Les dirigeants d’Europe occidentale nous informent courtoisement que c’est très mal d’utiliser des armes chimiques et que la question exige une enquête approfondie et exhaustive. Ils appellent la Russie à y « participer ».

Pendant ce temps, le ministère russe des Affaires étrangères suggère qu’une de ces grandes personnes, s’il y en a encore, lise la Convention sur les armes chimiques et respecte le droit international dans sa communication.

Gazprom a annoncé la fermeture de son bureau de Londres et la cessation de ses activités.

Et, bien sûr, les analystes s’empressent de donner leur avis sur ces deux questions palpitantes, « qu’est-ce que tout cela signifie ? » et « pourquoi se ridiculisent-ils de la sorte ? »

Mais nous, c’est un autre aspect des choses que nous voulons évoquer ici : Pourquoi tout le monde est-il sidéré par ces développements ? C’est simple.
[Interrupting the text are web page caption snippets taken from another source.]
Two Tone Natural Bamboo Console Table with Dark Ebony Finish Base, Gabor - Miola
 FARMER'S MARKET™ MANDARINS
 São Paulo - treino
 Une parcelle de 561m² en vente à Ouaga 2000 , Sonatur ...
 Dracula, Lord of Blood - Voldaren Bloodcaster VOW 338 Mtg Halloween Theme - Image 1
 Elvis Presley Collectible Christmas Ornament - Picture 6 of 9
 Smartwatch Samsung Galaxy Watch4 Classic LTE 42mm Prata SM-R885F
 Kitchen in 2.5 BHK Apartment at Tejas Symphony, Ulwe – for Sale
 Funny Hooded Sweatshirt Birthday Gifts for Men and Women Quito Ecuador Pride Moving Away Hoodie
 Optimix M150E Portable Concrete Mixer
Le monde est en état de choc à cause de l’écart entre la manière dont il se représentait le Royaume-Uni et la manière dont ce dernier se comporte dans la réalité en ce moment. Si, au lieu du Royaume-Uni, c’était l’Ukraine qui se comportait de cette façon, ou un autre pays que nous considérons tous comme fou, personne n’y aurait prêté attention.

Voilà, c’est tout. Les clichés que nous avons - et qui sont activement véhiculés par la culture de masse britannique – produisent l’image préconçue suivante : les Britanniques sont peut-être réservés, mais à Londres, il y a des dames et des messieurs incroyablement futés, spirituels et caustiques ; secrètement, sans convulsions ni hystérie, mais avec beaucoup d’ironie, ils dirigent le monde.

On vient de voir que la réalité ressemble davantage à Monty Python, avec peut-être en arrière-fond une musique de Benny Hill. La Dame de Fer s’écrie : « Oh my God ! Quelqu’un a empoisonné l’espion ! » La Dame de Fer se dépêche de lance un ultimatum. On n’entend plus que les grillons.

La Dame de fer demande à Berlin d’annuler le gazoduc ou à l’OTAN de faire quelque chose. Même les grillons se taisent.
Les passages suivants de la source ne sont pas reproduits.